Cada perda acompanha como conseqüência o apagamento das memórias sensoriais, para as quais a arte aparece como uma das possibilidades de resgatá-las como em uma das cenas em que uma artista de rua com seu violino recita um poema, toca um acorde e entregando folhas de árvores aos presentes que a assistiam os incita a recordarem as sensações perdidas.
Assim, para adaptarem-se sensações diferentes ocupam o lugar das perdidas e prestes a perderem o último sentido que os resta as pessoas contemplam pela última vez tudo que as cerca; a natureza, entes queridos, entre outros prazeres aparentemente banais aos quais pouco nos dedicamos, para guardarem um banco de imagens antes de habitarem nas trevas.
Em meio a tudo isto acontece à reconciliação do casal protagonista que finalmente se reencontram e se vêem pela última vez.
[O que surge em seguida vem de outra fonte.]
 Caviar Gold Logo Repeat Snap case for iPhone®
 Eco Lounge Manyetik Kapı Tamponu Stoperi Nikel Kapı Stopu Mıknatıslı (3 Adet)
Em um dos desfechos mais belos do cinema, a narração de Green e sua atuação realista juntamente com McGregor dá o tom de uma das cenas mais poéticas do cinema.
Atemporal
o filme de Mackenzie aguça os sentidos e a reflexão do espectador, principalmente se visto ou revisto agora em tempos de pandemia, por meio da qual temos aprendido acerca de nossos limites e ao mesmo tempo nossa necessidade/capacidade de nos reinventarmos para nos adaptar a esse momento crítico para toda a humanidade em meio a um vírus devastador que já ceifou inúmeras vidas.
No que concerne a uma análise dos demais aspectos cinematográficos , o longa ainda reúne o que há de melhor em um bom filme: roteiro inteligente, talentosos atores, além de enquadramentos e movimentos de câmera perfeitos que potencializam as sensações do espectador aproximando-os da angústia dos personagens a cada perda de sentido.
Há ainda um diálogo com o gênero documental com imagens de pessoas pelo mundo afora, conferindo mais realismo a história que nos leva a refletir acerca da suscetibilidade e fragilidade humana.
No final das contas, o amor em Sentidos do amor é o único que resiste e o único meio, sugerido pelo filme, para superarmos momentos extremos.
Referências
Sentidos do amor. Direção: David Mackenzie, 92 min, 2011.